Voilà le mot est encore lâché. Le bénévolat, une carapace, un écran dans lequel rien ne transpire, rien ne filtre. Sacrosainte effusion de l’associatif à la française. Julien Mendez a un petit côté Romain Courcières. De loin, les deux hommes ont la même allure, la même barbe. Foulée dans foulée, on pourrait croire à deux frangins. Originaire de Metz, ce brillant étudiant, ancien membre du pôle espoir chez les judokas a rejoint Alès après avoir réussi le concours d’entrée à l’Ecole des Mines. Autour de la table, on le chambre « t’es l’intello ». C’est peut-être pour cela que l’affaire Goumri lui est passée au-dessus comme un partiel raté et déjà oublié « Je reconnais que pour mes partenaires de club, c’est dur, mais je suis resté à ma place, loin de tout cela ». 14’53’’ sur 5000 m, l’élève ingénieur entraîné par Nicolas Naizot, s’est pris au jeu du haut niveau avec l’espoir de rentrer en équipe Une.

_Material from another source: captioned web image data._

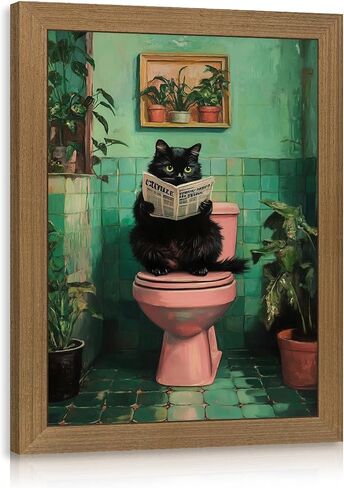 INJOLLY Wood Framed Funny Bathroom Wall Art, Cat Reading Newspaper on Toilet Wall Decor, Cute Black Cat Poster Print, Humor Animal Green Pink Restroom Canvas Painting for Toilet Bathroom 8x10 Inch in Kuwait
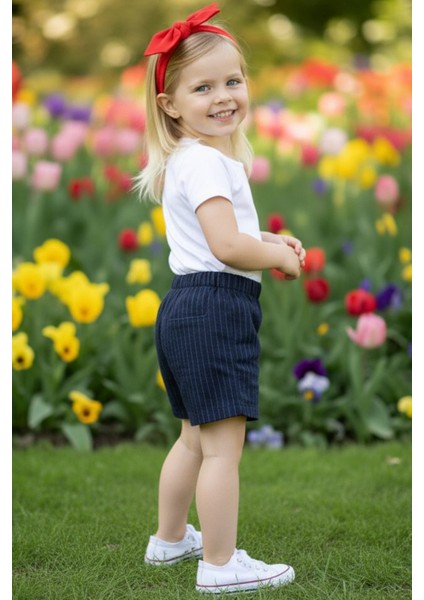 Kız Çocuk Çizgili Jean Şort fiyatları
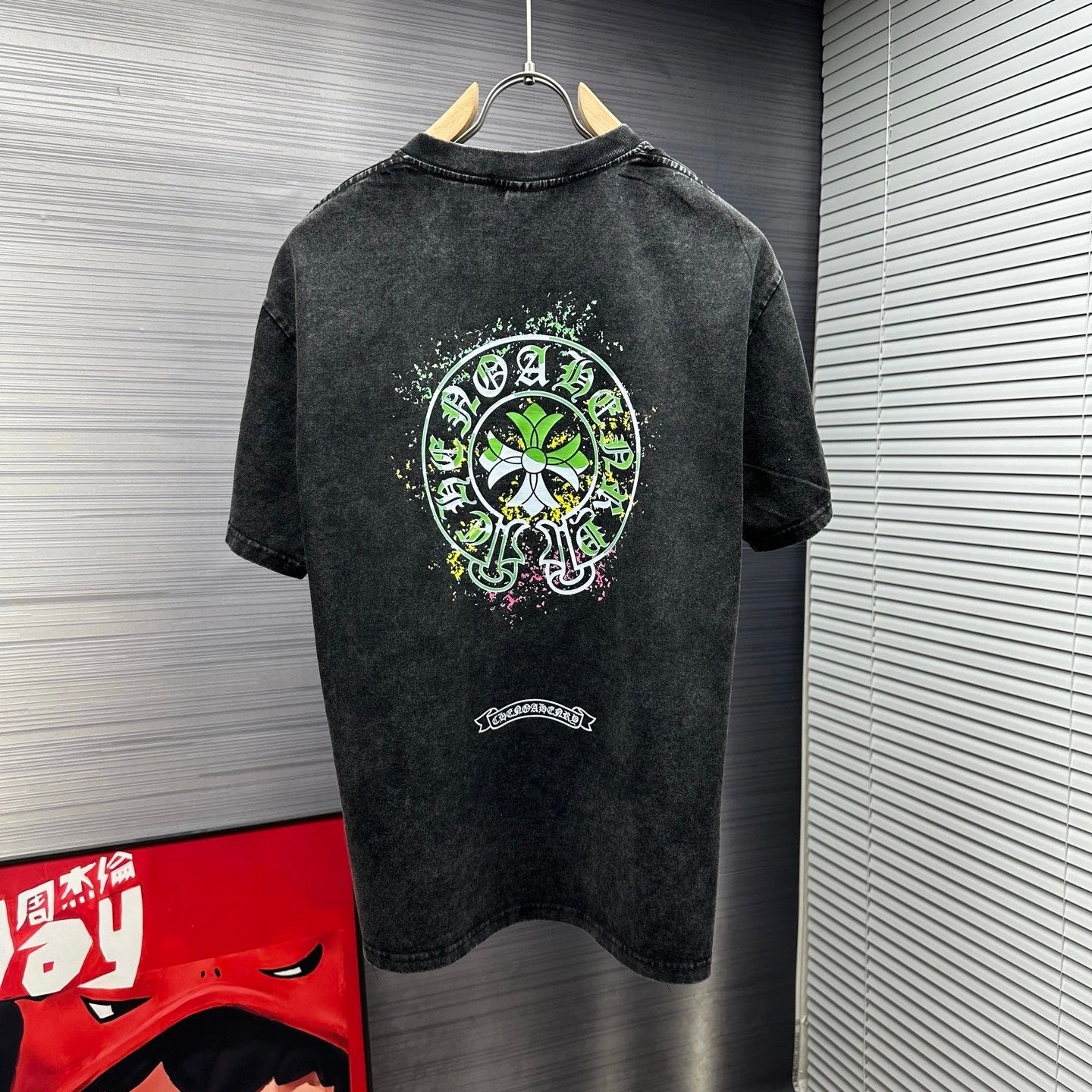 Chrome Hearts T-shirt Front and back horseshoe print logo round Neck Short Sleeve25ss New pure cotton T Unisex T-Shirt OS Drop Shoulder Loose Fit Base Shirt Top T-Shirt Short Sleeve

L’affaire El Goumri tombé pour dopage le 2 décembre dernier, sera-t-elle le dernier avatar d’une histoire chaotique ? Au bord du Gardon, les corbeaux noirs se sont noyés un à un. Mais l’ardoise ne s’effacera pas d’un simple revers de manche. L’AC Alès doit vivre et apprendre à vivre avec cela encore longtemps. Jusqu’à quand ? Les frères Gras très discrets sur cette affaire, c’est leur nature, ne se sont jamais mis en avant pour exprimer leur colère. Autistes d’une histoire qui n’a pas eu de prise sur les convictions du futur médecin du sport et du futur chirurgien, guère anxieux sur les conséquences financières si le club venait à rétrograder dans la hiérarchie du demi-fond français. Ils disent simplement «La politique va dans le bon sens. Nous avons été convaincus. On va faire la Coupe d’Europe ». La phrase est dite comme une fin de non recevoir. Ils ajoutent : «tout de même, partir ensemble dans un box, c’est quelque chose ».